Use an inner cap like the commercial pen makers use. It could be a fussy business getting this adjusted, but it would stop the barrel from screwing in beyond a given point, by stopping the leading edge of the section. There is a description of how this can be measured with a simple home made tool that I saw over on the FPN website, I'll see if I can find that again and post a link here.

The other idea would involve something akin to a washer, a disc of material, the thickness of which would be determined by what is needed to stop the cap's rotation at the desired point. This is similar to what the kits do, they have some of the metal fitting act as a stop. This would at least prevent one from removing any additional pattered blank material, and could function  as a design element. It would be adjusted by scraping from the thread end of the cap while in a collet chuck, before the cap is turned to shape. It would have to butt up against a shoulder in the barrel.

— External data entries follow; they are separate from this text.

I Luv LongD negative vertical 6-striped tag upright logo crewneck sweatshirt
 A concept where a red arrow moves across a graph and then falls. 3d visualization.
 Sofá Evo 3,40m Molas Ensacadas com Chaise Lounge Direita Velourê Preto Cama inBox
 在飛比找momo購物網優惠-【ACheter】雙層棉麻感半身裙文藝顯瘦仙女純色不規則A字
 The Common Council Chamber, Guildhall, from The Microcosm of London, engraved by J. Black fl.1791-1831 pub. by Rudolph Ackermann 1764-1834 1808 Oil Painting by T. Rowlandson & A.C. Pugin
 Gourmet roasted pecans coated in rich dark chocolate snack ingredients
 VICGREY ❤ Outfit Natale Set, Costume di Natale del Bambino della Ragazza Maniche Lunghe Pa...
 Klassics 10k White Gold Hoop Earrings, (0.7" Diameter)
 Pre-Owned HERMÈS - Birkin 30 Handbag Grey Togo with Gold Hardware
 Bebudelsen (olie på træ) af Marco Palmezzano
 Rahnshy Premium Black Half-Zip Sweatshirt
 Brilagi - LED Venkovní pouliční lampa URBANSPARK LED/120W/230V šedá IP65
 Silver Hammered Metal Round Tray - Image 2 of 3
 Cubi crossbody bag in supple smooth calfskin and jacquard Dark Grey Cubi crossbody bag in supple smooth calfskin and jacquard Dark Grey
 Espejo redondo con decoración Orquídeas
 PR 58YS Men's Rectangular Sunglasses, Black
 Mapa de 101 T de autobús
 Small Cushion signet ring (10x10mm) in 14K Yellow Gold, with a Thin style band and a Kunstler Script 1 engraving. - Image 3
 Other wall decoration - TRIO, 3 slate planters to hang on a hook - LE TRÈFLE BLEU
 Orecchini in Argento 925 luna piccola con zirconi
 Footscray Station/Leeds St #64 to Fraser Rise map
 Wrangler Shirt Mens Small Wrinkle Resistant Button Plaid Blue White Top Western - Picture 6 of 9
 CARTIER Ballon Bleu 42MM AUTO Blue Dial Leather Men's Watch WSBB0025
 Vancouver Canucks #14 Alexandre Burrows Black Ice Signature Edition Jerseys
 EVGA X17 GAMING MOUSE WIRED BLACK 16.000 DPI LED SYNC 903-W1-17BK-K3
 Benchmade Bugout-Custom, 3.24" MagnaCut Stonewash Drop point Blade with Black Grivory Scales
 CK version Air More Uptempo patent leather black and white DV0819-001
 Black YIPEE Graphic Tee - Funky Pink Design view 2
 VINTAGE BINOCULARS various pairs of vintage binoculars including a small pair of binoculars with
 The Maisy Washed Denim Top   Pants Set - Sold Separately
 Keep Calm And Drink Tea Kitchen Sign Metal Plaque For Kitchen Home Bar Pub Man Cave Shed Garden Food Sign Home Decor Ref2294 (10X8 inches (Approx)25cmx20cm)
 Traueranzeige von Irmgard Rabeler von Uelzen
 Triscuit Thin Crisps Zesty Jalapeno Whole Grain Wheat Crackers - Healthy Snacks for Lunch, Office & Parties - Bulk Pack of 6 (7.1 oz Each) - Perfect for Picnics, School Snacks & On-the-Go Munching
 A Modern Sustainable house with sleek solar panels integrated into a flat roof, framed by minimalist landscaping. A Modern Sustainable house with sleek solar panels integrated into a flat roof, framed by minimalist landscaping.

A third means would be to make a center band/thread coupler much like the kits use, such as Bruce documented here: http://www.penturners.org/forum/showthread.php?t=8415  That would make a lot of extra work, including painting the inside of the tubes in many blanks, but alignment could be set when the inner part is glued in, similar to the way the kits are aligned. 

Dan


----------



## BRobbins629 (Sep 2, 2008)

This is a great topic, but I think the only good solution is a mechanical stop such as you describe.  You can always tighten a thread just a little more so I don't think playing the the tap and die or even threading on the lathe will ever get you there.


----------



## marcruby (Sep 2, 2008)

The traditional way on turned boxes (not pens) is to turn a bead or two at the juncture.  Maybe a small contrasting band whose thickness you could adjust would make it look like you had a match even if you really didn't.


----------



## DaveM (Sep 12, 2008)

I am working on this problem too.  Right now, I am experimenting with turning a shoulder at the base of my tenon, and having the rim of the cap butt up against it securely.  By shaving a little bit off ofthe end of the cap, I can adjust the alignment.  I still have aways to go, but it is showing some promise.  I do have to drill out the outer 1/8" or so of the cap, as the die won't cut right up to the shoulder of the tenon.  That makes clearance for the ends ofthe threads.  When I get it right, I will post some pics, but I am spending most of my time on the real world right now.

Good Luck, 
Dave


----------



## Texatdurango (Sep 12, 2008)

Well I got back home and finally have some time to visit my shop again.  I got to thinking about this problem and remembered why I just gave up trying to match the cap with the body.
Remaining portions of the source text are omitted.